### AIM OF THE EXERCISE
Reproduce the entries in full and exactly. Pictures stay out.

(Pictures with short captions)
=-=-=-=-=

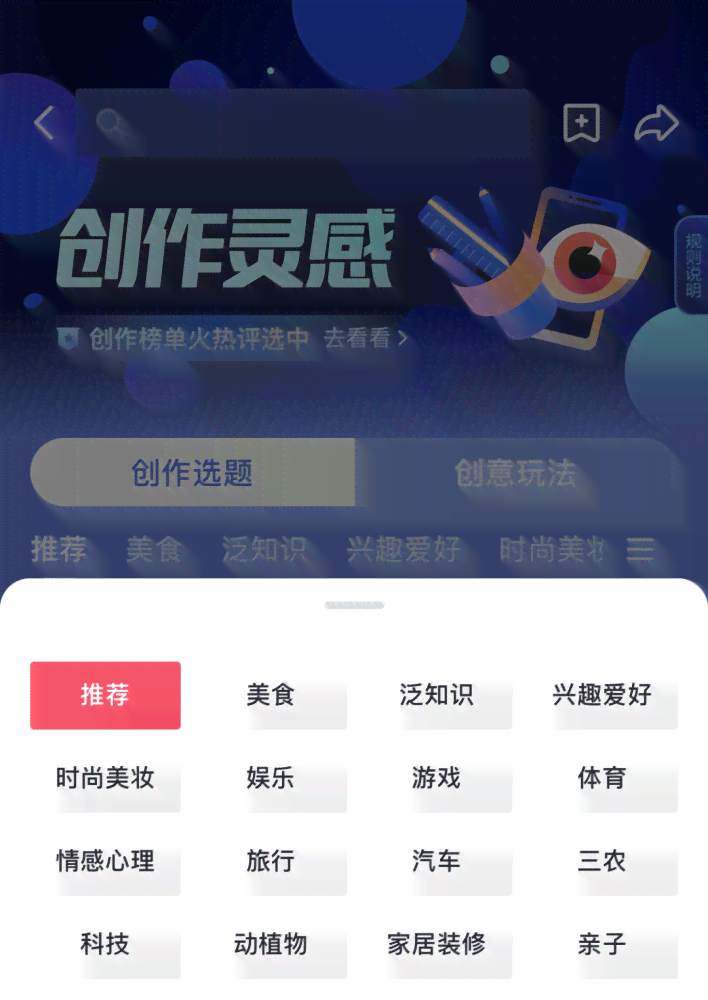 抖音创作灵感搜索指南：全方位掌握热门话题、趋势内容与创意灵感获取方法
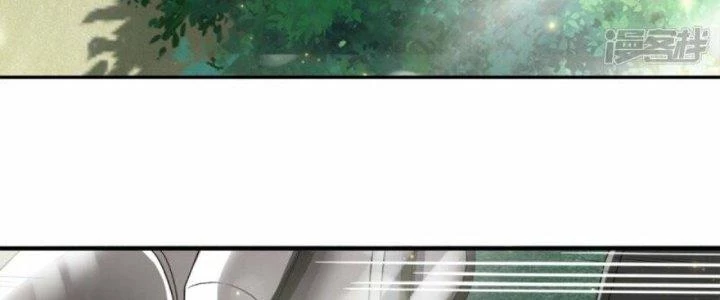 Trấn Môn Nhân Chapter 6 - 7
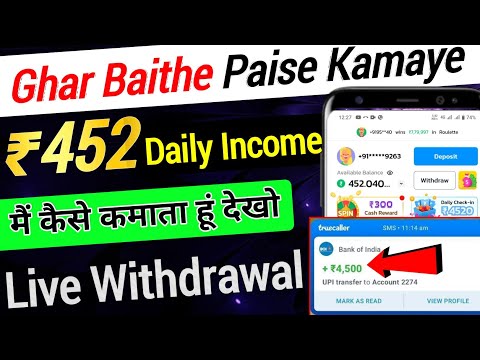 🤑 Maine ₹452 Daily Is App Se || Ghar Baithe Paise Kaise Kamaye || Online Paise Kamane Wala App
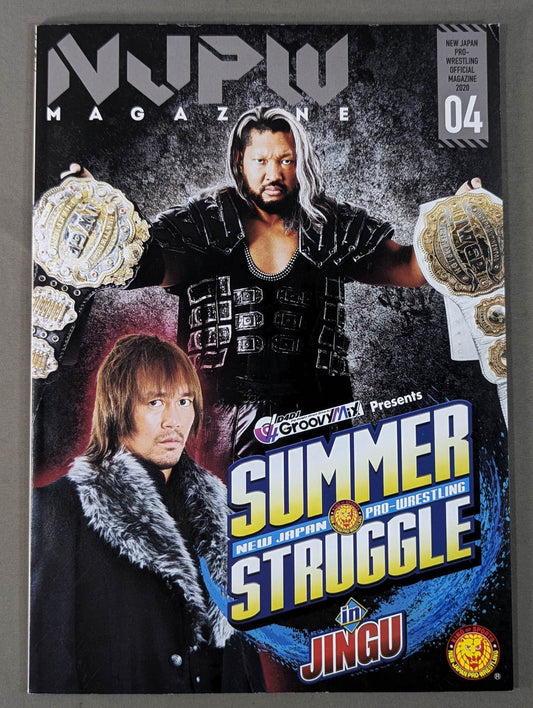 NJPW OFFICIAL MAGAZINE 2020 Vol.4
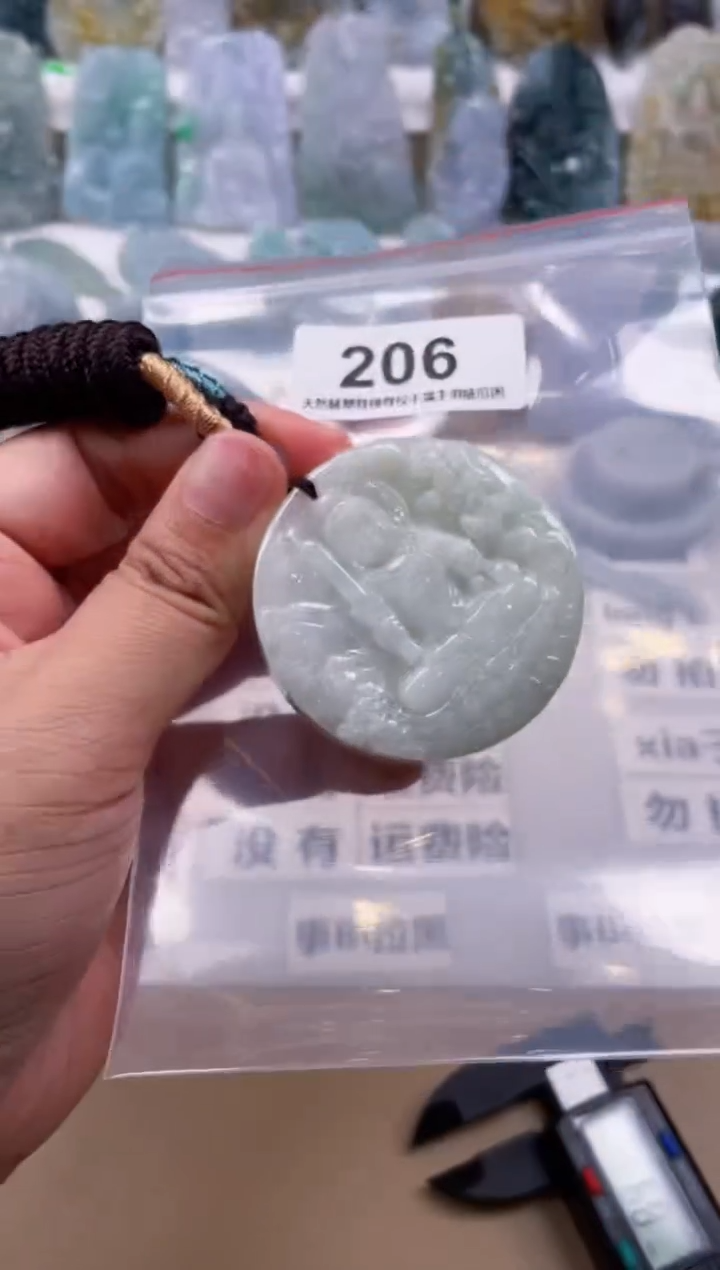 【闪购商品】翡翠颈饰未镶嵌天然缅甸A货翡翠206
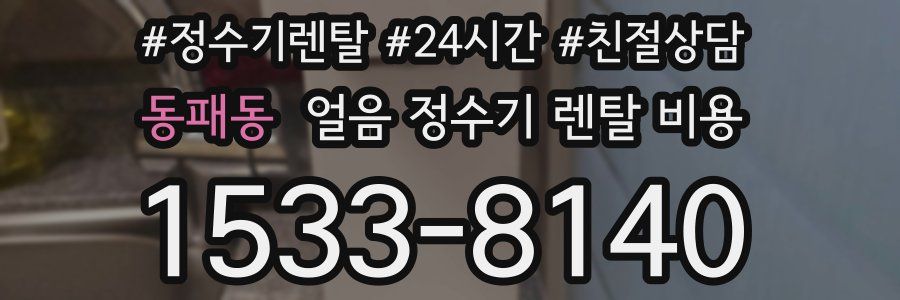 동패동 얼음 정수기 렌탈 비용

=-=-=-=-=

### WRITTEN RESPONSE
 抖音创作灵感搜索指南：全方位掌握热门话题、趋势内容与创意灵感获取方法
 Trấn Môn Nhân Chapter 6 - 7
 🤑 Maine ₹452 Daily Is App Se || Ghar Baithe Paise Kaise Kamaye || Online Paise Kamane Wala App
 NJPW OFFICIAL MAGAZINE 2020 Vol.4
 【闪购商品】翡翠颈饰未镶嵌天然缅甸A货翡翠206
 동패동 얼음 정수기 렌탈 비용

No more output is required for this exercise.